Due to the high level of conductivity required for efficient electromagnetic shielding, only two families of conductive loads, which reflect or absorb the electromagnetic radiation, have traditionally been found suitable for being dispersed inside a polymer, e.g. stainless steel fibres (obtainable from Bekaert Fibre Technology®) and nickeled carbon fibres (obtainable from Inco SSP®).

For obtaining a sufficient conductivity, the loading should be relatively high, i.e. about 11-15%, which gives rise to negative effects on the density, the mechanical properties, surface quality and cost of the final product. Moreover, due to the macroscopic lengths of the fibres, moulding and processing with conventional extrusion methods is difficult because it is very difficult to avoid extensive breakage of the fibres during processing because shielding properties are strongly linked to the aspect ratio (=length/diameter) of the fibres, which can lead to a degradation of properties of the fibres. This is one of the most important limitations for electromagnetic broadband applications, such as microwave shields and absorbers, for which the best performances results from an optimisation of the geometry and the concentration in conductive inclusions, e.g. profile in gradient of concentration [Neo and al., IEEE Transactions on Electromagnetic Compatibility, vol. 46, no.1, Feb. 2004, p. 102-106].

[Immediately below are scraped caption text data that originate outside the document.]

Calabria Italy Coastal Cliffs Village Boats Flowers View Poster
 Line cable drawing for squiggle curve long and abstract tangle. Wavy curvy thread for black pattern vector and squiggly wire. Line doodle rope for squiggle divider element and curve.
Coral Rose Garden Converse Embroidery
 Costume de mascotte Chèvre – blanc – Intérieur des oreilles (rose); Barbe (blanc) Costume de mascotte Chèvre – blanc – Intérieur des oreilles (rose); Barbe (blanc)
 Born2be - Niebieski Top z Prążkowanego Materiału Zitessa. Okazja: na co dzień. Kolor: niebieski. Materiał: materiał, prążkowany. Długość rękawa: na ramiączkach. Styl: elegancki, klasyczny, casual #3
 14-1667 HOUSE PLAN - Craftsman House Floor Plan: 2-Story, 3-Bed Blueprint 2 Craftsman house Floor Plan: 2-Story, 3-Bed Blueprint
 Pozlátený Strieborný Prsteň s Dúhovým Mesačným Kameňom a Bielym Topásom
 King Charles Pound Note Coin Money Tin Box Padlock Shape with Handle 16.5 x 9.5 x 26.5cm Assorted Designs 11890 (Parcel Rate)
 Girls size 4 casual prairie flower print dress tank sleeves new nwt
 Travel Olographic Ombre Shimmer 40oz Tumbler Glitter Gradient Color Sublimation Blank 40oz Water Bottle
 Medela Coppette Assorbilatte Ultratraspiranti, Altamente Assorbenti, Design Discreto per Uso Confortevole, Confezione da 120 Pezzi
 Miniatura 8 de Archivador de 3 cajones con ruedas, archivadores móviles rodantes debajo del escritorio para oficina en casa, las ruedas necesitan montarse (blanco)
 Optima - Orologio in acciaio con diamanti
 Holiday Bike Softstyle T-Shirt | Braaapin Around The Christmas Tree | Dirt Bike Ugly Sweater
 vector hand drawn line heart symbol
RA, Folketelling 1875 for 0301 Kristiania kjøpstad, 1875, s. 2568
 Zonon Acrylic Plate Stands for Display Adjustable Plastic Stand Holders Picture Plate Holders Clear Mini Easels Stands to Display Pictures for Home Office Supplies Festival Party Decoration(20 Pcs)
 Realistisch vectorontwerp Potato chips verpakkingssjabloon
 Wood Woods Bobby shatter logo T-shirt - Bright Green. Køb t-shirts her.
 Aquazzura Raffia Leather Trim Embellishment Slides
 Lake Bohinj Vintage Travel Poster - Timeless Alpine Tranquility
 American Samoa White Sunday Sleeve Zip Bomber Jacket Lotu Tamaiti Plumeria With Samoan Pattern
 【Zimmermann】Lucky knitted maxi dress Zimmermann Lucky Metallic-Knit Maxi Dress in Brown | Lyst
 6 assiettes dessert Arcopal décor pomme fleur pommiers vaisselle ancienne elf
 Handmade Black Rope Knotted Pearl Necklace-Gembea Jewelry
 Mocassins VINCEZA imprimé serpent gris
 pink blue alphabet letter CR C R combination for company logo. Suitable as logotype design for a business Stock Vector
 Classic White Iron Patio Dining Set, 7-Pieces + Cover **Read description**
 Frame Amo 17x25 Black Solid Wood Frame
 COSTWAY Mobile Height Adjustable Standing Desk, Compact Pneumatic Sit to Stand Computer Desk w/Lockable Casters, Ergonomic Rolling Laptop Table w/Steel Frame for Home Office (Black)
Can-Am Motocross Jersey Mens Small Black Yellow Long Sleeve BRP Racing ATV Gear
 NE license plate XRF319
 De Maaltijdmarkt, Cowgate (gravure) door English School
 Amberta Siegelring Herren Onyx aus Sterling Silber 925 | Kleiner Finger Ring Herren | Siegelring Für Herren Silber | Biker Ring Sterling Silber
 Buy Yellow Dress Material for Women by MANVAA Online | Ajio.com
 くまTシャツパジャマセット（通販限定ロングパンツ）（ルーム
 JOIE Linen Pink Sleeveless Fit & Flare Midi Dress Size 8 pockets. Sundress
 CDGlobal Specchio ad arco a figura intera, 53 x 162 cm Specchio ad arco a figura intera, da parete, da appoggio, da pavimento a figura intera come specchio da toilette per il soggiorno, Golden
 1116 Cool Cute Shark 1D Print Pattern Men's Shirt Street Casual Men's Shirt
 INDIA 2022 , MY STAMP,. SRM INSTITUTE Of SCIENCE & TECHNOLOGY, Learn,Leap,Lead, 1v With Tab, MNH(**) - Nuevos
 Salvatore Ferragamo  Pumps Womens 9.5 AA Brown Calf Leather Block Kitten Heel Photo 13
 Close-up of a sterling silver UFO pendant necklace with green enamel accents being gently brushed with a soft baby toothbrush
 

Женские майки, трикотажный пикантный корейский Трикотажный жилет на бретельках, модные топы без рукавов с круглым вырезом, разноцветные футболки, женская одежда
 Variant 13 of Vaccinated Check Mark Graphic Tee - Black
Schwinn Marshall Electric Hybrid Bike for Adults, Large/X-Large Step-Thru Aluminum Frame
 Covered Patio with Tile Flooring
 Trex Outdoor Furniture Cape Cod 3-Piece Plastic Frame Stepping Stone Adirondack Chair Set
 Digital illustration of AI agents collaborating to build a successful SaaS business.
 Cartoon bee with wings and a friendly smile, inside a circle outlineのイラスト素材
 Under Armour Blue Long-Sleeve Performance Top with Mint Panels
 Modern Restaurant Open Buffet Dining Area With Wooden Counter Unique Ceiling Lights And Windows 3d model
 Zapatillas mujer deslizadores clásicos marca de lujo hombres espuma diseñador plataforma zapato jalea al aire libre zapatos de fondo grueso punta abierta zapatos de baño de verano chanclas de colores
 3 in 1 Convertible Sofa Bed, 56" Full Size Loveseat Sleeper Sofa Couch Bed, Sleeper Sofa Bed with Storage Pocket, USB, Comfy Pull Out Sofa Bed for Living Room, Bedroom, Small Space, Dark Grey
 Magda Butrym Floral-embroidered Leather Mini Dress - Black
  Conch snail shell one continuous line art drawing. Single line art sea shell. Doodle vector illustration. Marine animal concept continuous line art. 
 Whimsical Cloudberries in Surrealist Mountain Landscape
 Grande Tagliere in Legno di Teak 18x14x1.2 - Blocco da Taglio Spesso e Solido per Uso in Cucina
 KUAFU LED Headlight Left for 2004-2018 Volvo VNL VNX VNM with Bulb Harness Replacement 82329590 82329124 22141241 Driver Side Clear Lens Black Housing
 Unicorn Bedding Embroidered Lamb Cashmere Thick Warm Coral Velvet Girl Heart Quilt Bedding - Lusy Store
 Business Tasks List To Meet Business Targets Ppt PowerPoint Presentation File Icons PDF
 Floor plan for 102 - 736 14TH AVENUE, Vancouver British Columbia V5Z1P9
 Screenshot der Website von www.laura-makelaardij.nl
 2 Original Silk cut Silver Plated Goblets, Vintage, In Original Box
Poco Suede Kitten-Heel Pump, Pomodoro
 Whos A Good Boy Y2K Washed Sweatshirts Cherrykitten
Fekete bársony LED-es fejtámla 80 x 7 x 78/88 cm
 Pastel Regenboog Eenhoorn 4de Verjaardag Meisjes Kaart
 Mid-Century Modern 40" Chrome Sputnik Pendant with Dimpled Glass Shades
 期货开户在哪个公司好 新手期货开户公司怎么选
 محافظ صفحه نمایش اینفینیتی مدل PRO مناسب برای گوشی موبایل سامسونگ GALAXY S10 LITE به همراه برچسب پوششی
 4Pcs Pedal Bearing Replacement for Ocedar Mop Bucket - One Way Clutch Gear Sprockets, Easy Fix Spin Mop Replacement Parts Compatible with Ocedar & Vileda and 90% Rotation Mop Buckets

There is a growing interest in carbon nanotubes (CNTs) formed of one or more concentric graphite cylinders (respectively single or multi-wall CNTs) because of the remarkable properties of these materials, i.e. a combination of lightness, hardness, elasticity, chemical resistance, thermal conductivity and, according to their molecular symmetry, electric conductivity which is higher than the electric conductivity of copper. All these characteristics, as well as a nanoscopic and high anisotropy (ratio length/diameter higher than 1000) makes CNTs a perfect candidate for the next generation of conducting composites, in particular, by ensuring their “percolation” (or continuous network formation) at lower load factors than those observed with other conductive fibres but without the disadvantages of these other conductive fibres. Moreover, CNTs are sufficiently short to be dispersed inside a polymer by conventional extrusion/injection techniques without risking them to break, after which they can be moulded into desired shapes.

Conventionally, when electromagnetic interference (EMI) shielding is cited as one of the promising outlets of composite materials based on carbon nanotubes and on polymer foams as a matrix, shielding properties have been observed at the detriment of electromagnetic absorbent behaviour [Yang and al. Adv. Mat., 2005 (17), p. 1999-2003; Yang et al. Nano Letters, 2005, 5(11), p. 2131-2134]. In Yang et al., the carbon nanotube-polymer foam composites have a reflectivity of 0.81, a transmissivity of 0.01 and an absorptivity of 0.18, which indicates that these composite materials are more reflective and less absorptive of electromagnetic radiation and thus that the primary EMI shielding mechanism of such composites is reflection rather than absorption in the X-band frequency region.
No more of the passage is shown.